-------- Input for this task

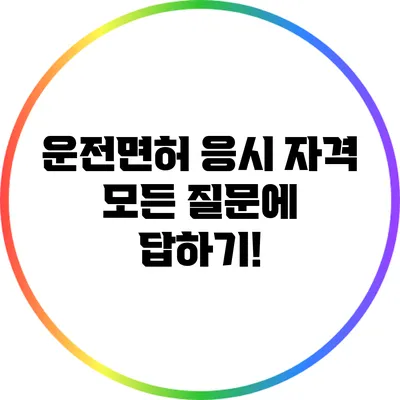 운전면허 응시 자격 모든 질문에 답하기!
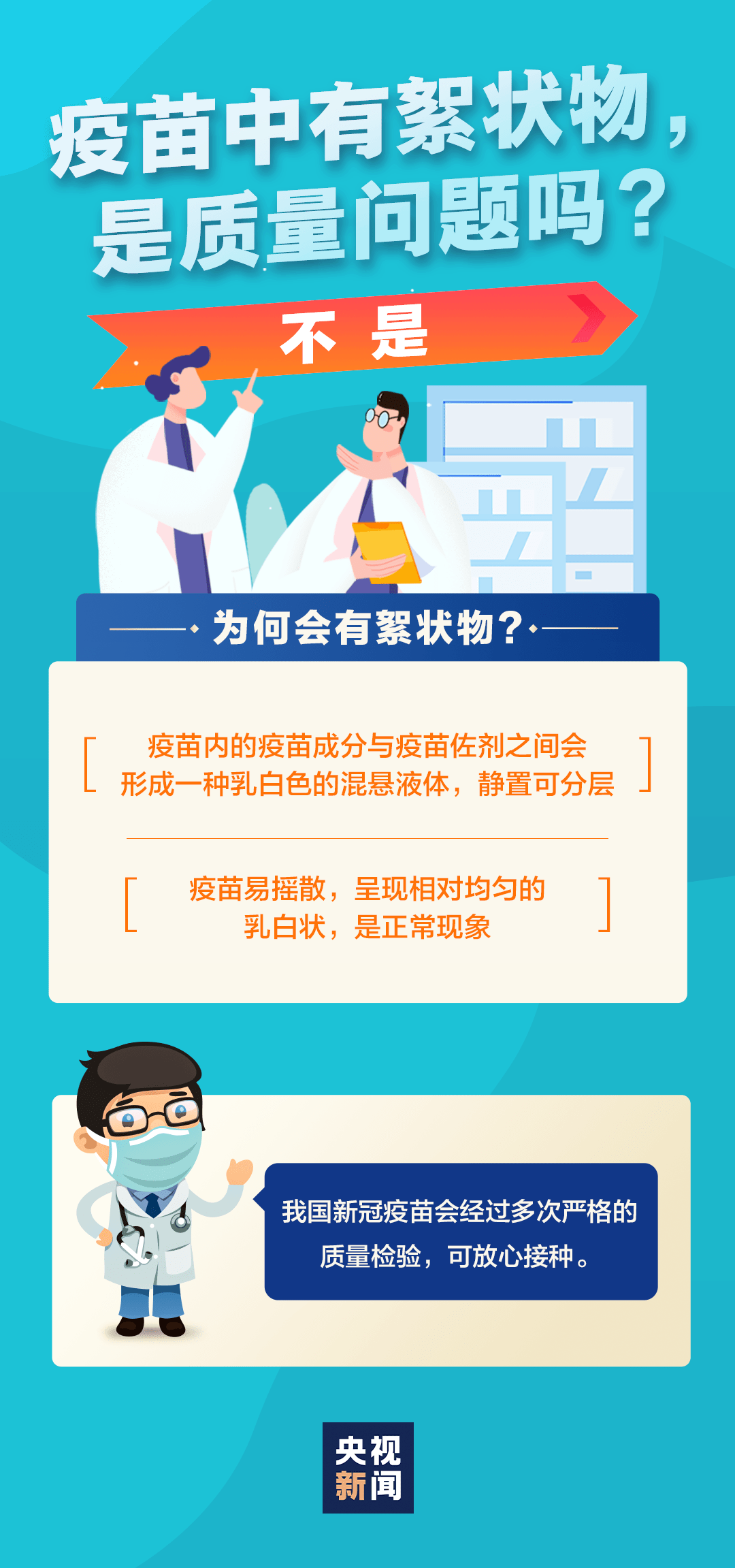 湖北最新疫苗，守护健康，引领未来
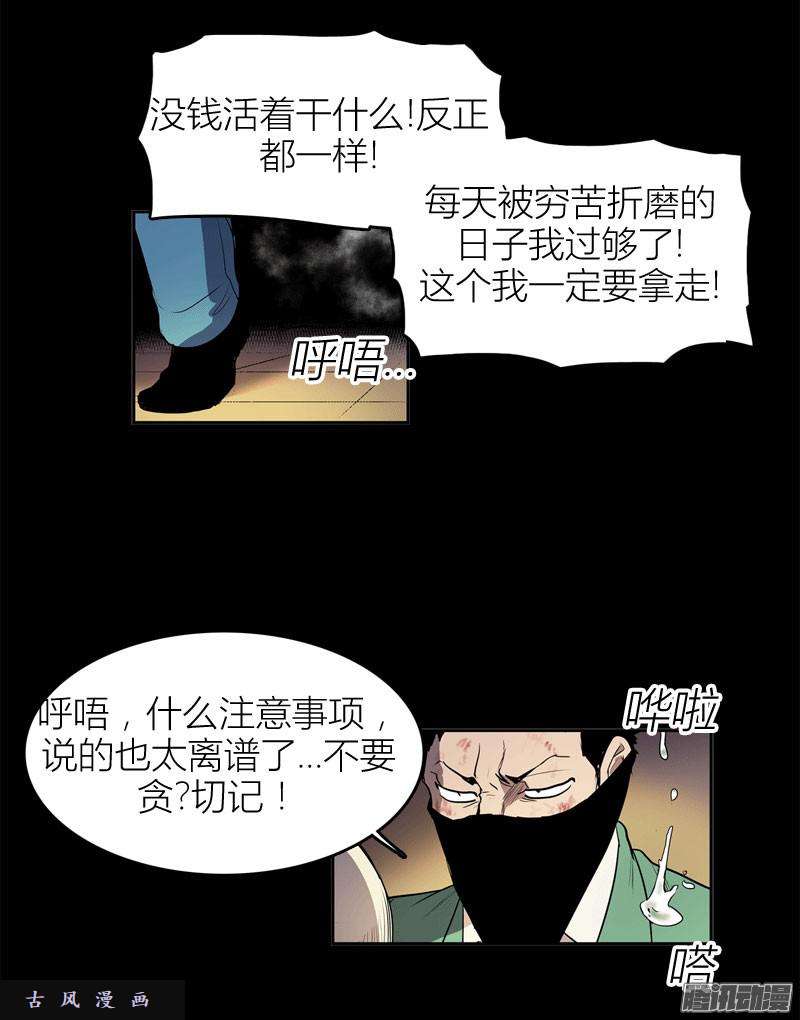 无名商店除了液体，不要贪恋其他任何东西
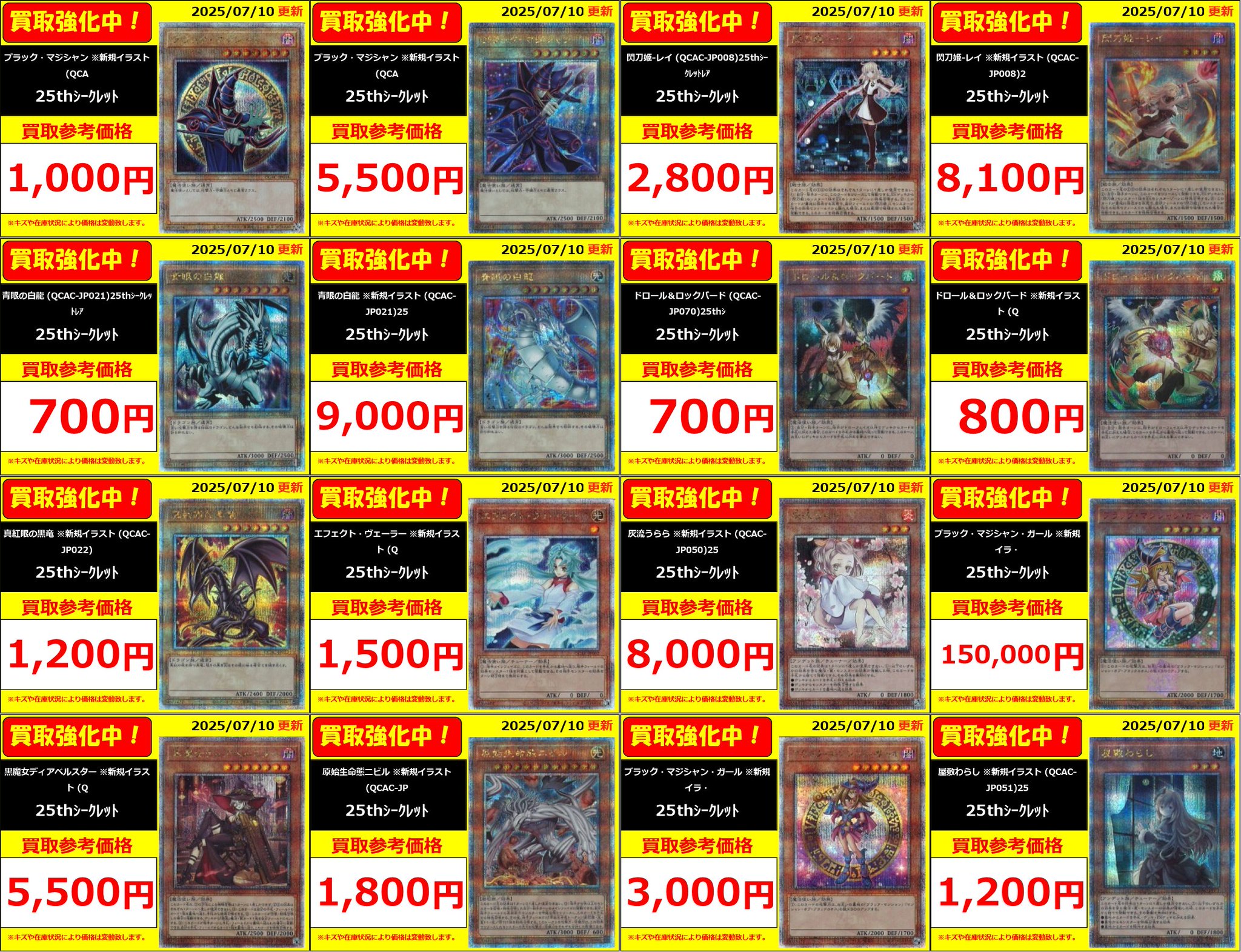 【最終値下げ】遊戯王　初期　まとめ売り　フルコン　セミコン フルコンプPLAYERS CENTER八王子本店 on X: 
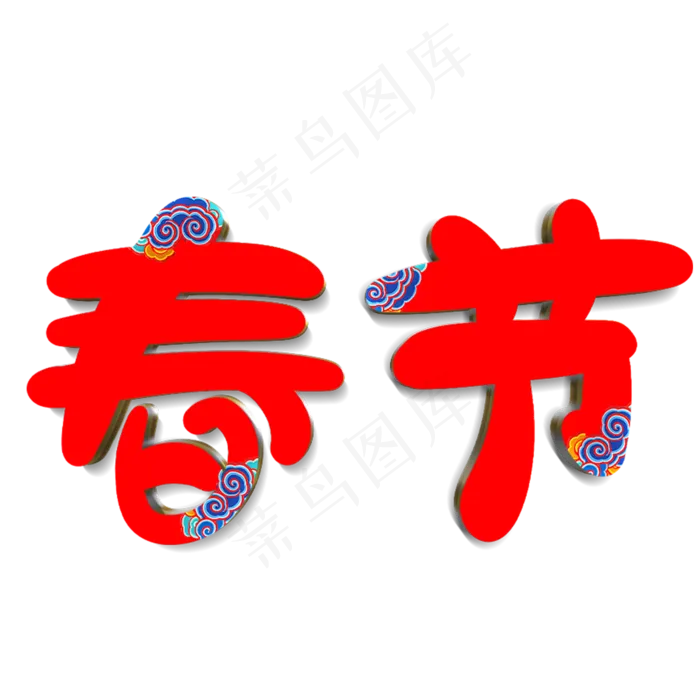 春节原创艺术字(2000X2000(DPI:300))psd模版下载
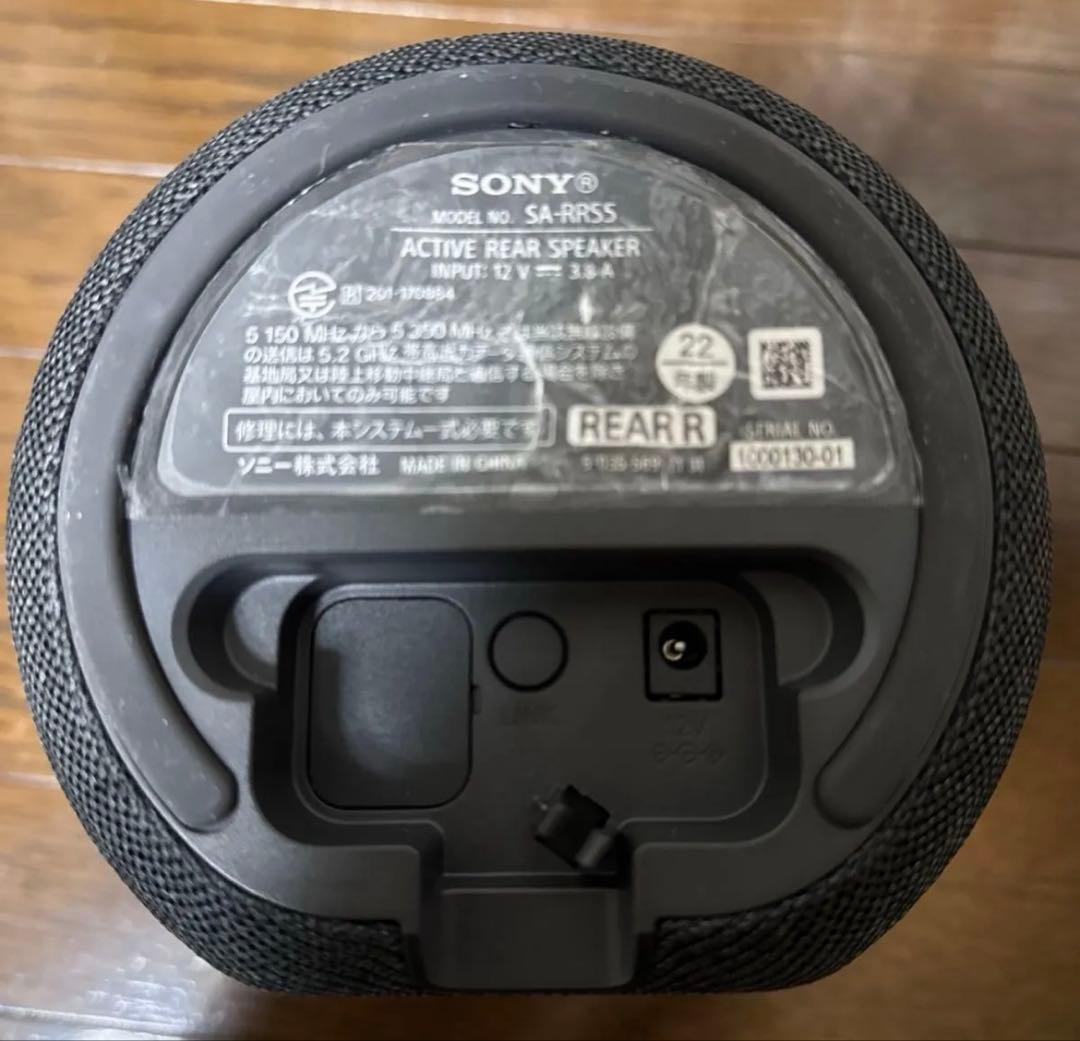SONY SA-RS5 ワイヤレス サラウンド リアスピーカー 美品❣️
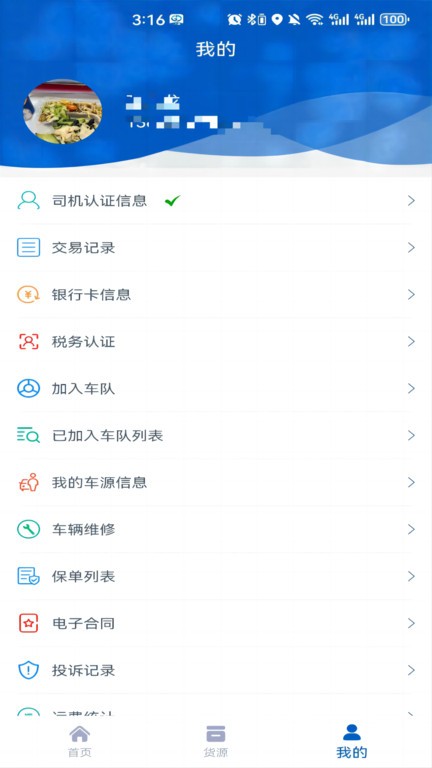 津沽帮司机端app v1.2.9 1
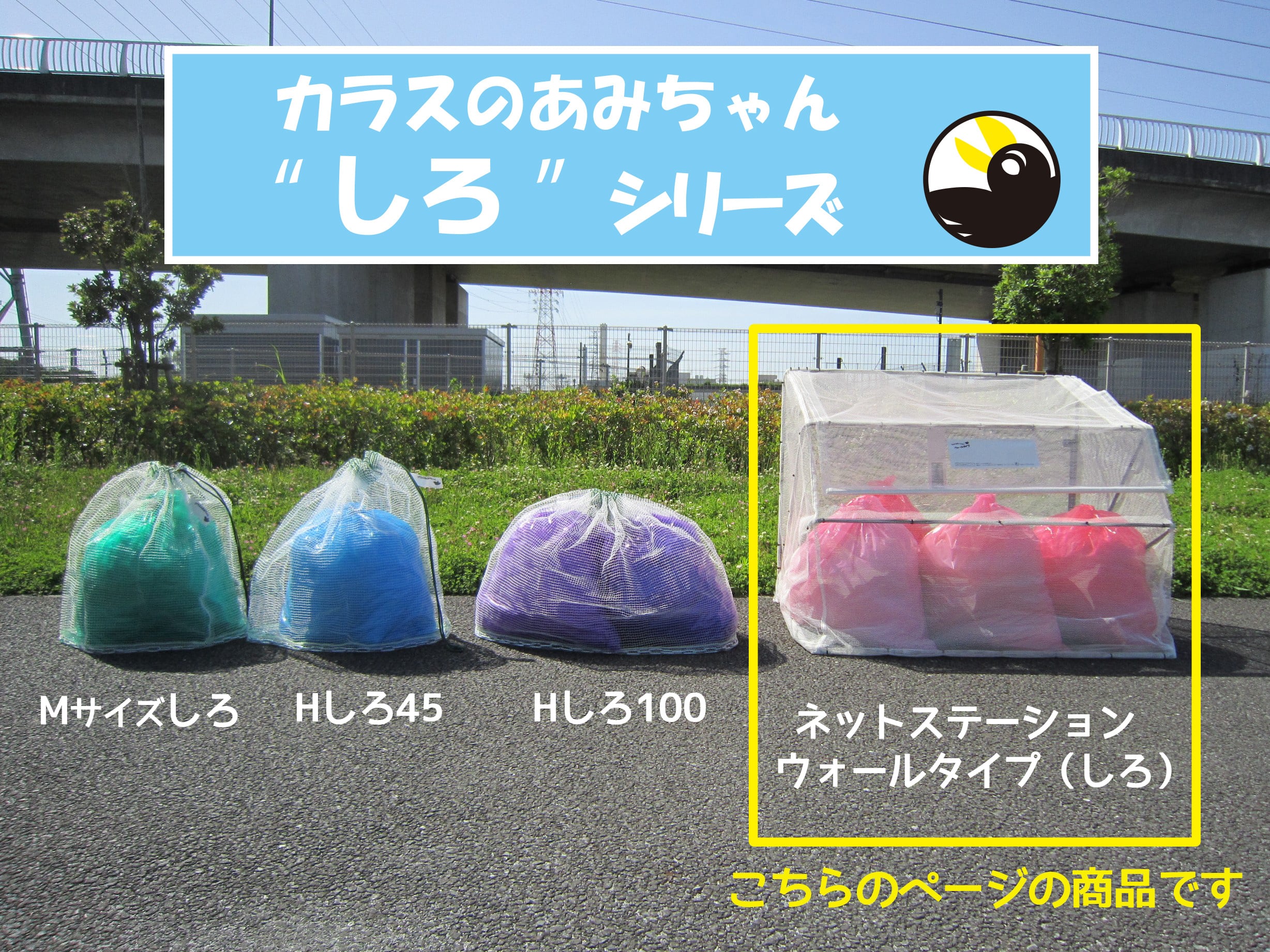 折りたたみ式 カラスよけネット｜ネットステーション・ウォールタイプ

----------------

### Description of the task:
The copy should hold every entry above word for word and none of the pictures.

### Exercise solution:
 운전면허 응시 자격 모든 질문에 답하기!
 湖北最新疫苗，守护健康，引领未来
 无名商店除了液体，不要贪恋其他任何东西
 【最終値下げ】遊戯王　初期　まとめ売り　フルコン　セミコン フルコンプPLAYERS CENTER八王子本店 on X: 
 春节原创艺术字(2000X2000(DPI:300))psd模版下载
SONY SA-RS5 ワイヤレス サラウンド リアスピーカー 美品❣️
 津沽帮司机端app v1.2.9 1
 折りたたみ式 カラスよけネット｜ネットステーション・ウォールタイプ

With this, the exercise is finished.